Find best-response to a fixed policy in multi-agent RL
MIT License
275 stars 47 forks source link

How to modify the win condition? #60

Open AndssY opened 1 year ago

AndssY commented 1 year ago

Thanks for your nice work! I try to reproduce this work by writing it myself, but I got some questions on the win condition of sumo humans. I noticed the win condition in the paper is modified, A player wins by remaining standing after their opponent has fallen. So, How can I modify the win condition? Can you Can you please give more detailed instructions? When should I modify the win condition? Does ZooON v.s. ZooON use Bansal's win conditon or use the modified version? And same as Rand/Zero v.s. ZooON.

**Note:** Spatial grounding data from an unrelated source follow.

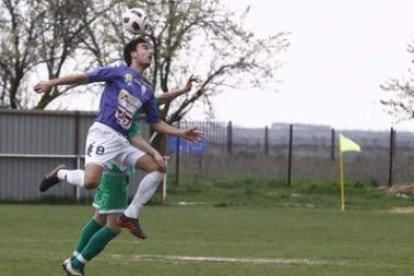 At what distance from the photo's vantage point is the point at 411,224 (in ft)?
76.5

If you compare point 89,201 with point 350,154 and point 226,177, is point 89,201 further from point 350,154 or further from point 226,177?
point 350,154

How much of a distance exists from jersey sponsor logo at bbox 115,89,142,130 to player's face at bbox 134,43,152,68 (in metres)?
0.41

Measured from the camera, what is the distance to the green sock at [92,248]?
1065 centimetres

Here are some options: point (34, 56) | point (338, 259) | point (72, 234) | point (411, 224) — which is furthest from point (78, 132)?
point (338, 259)

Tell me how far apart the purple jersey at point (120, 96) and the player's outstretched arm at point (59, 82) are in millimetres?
92

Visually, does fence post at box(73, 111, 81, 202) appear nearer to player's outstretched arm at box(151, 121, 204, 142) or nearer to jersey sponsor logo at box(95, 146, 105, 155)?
player's outstretched arm at box(151, 121, 204, 142)

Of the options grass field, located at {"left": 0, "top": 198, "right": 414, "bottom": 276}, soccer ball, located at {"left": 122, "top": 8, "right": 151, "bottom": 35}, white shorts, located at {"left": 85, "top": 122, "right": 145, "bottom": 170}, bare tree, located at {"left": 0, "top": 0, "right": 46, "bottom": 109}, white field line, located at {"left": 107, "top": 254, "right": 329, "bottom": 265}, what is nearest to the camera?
white shorts, located at {"left": 85, "top": 122, "right": 145, "bottom": 170}

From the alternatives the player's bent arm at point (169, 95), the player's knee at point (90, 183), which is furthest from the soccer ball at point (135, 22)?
the player's knee at point (90, 183)

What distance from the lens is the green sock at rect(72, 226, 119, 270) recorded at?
10.6 m

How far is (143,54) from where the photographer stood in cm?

AdamGleave commented 1 year ago

The fork https://github.com/HumanCompatibleAI/multiagent-competition already contains the modified win condition. From memory I think we just removed the requirement that the agents touch each other for it to be a win (i.e. if an agent falls over, the other agent has won even if it didn't tackle the other agent).

AndssY commented 1 year ago

From memory I think we just removed the requirement that the agents touch each other for it to be a win

Thanks a lot!

But forgive my coding ability is not so good. In my understanding, the function def goal_rewards(self, infos=None, agent_dones=None) in the file multiagent-competition/gym_compete/new_envs/sumo.py determined the win condition of Sumo environment.

Specifiacally, that is in lines 82~105. But it(both the fork and after checkout to 3a3f9dc) seemed to be same as the unmodified version, the agent won't win if it didn't touch the other agent, so I got confused. image

I wonder if any details been forgotten? But I will try to train adversarial policy by removing the requirement of touch.